>>>

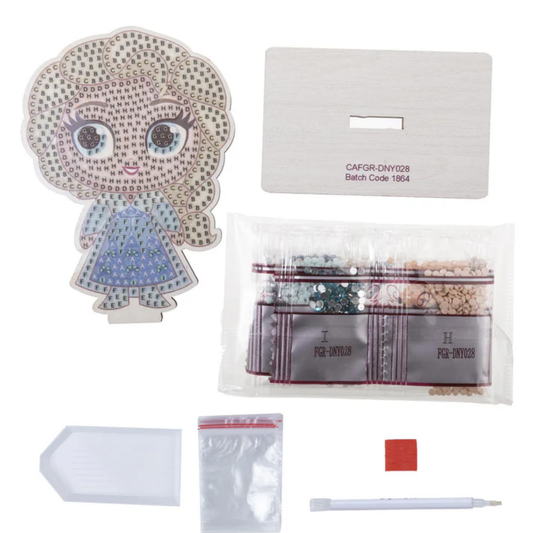 Disney Elsa Crystal Art Buddies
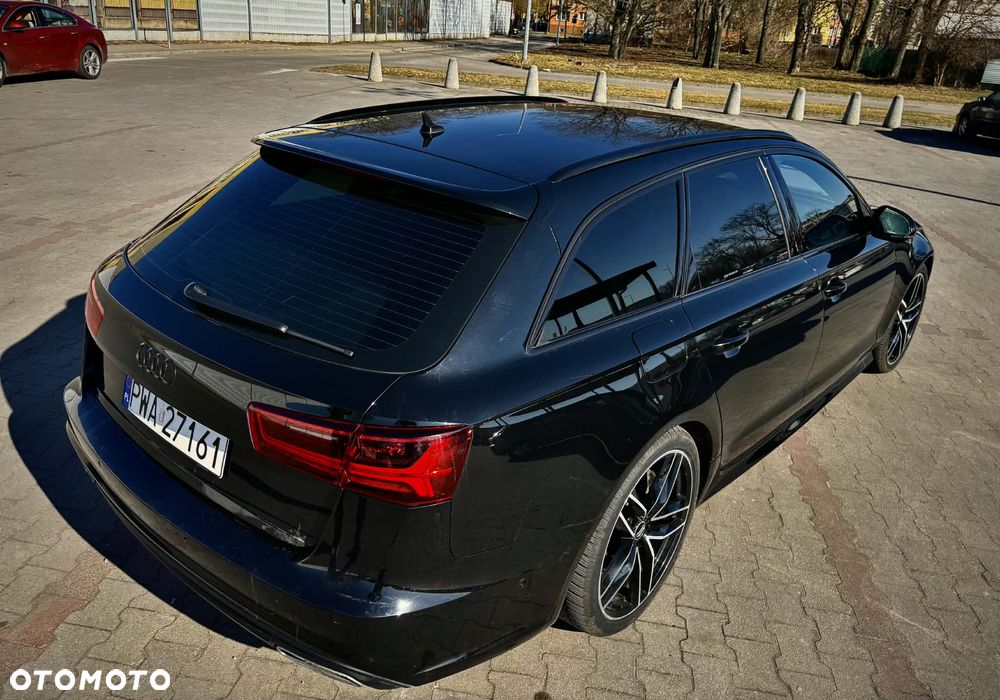 Audi A6 Avant 3.0 TDI Quattro S tronic - 2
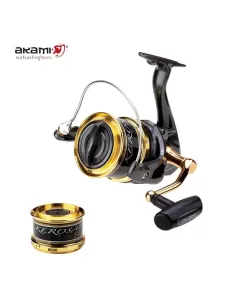 Reel fishing Surfcasting Kerosai 8000 SG 10 bearings max drag 18 kg 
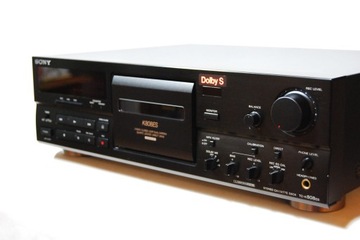 КАСЕТНИЙ МАГНІТОФОН SONY TC-K808ES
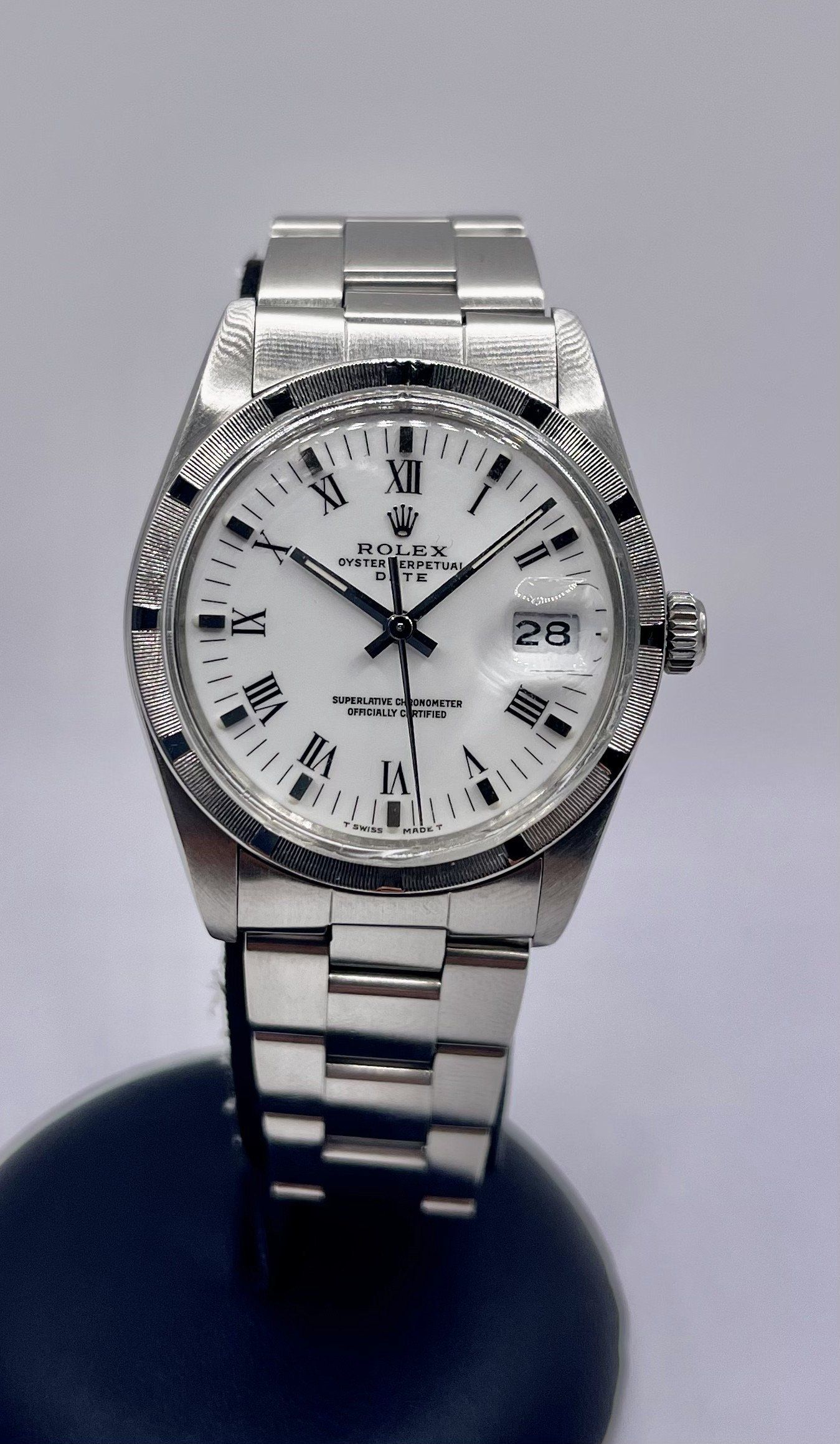 Rolex Oyster Perpetual Date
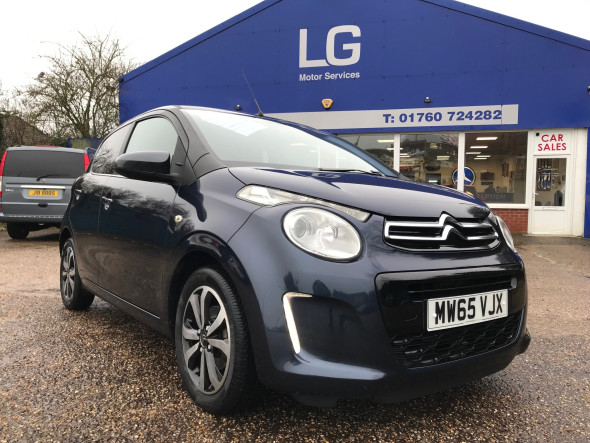 Citroen C1 1.0 VTI Flair Airscape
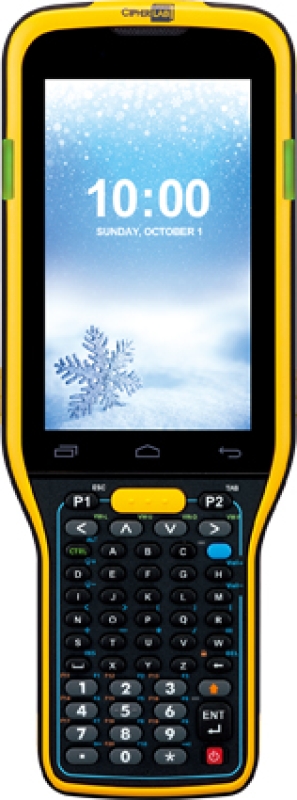 CipherLab RK95-NF: mobiles Android-Terminal mit 2D-Near/Far-Imager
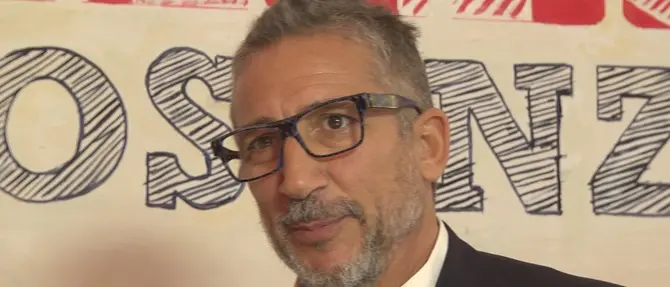 Lucio Presta presenta un altro punto del programma: 'Amo Cosenza Giovane'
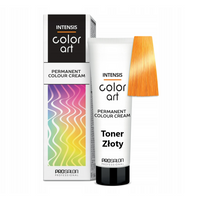 CHANTAL COLOR ART Toner do włosów ZŁOTY - 100ml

<<<

| Directions |
Set the pictures aside and restate word for word only the lines from the line containing "Lucio Presta presenta" through the end of the entries above, both included.

| Exercise response |
 Lucio Presta presenta un altro punto del programma: 'Amo Cosenza Giovane'
 CHANTAL COLOR ART Toner do włosów ZŁOTY - 100ml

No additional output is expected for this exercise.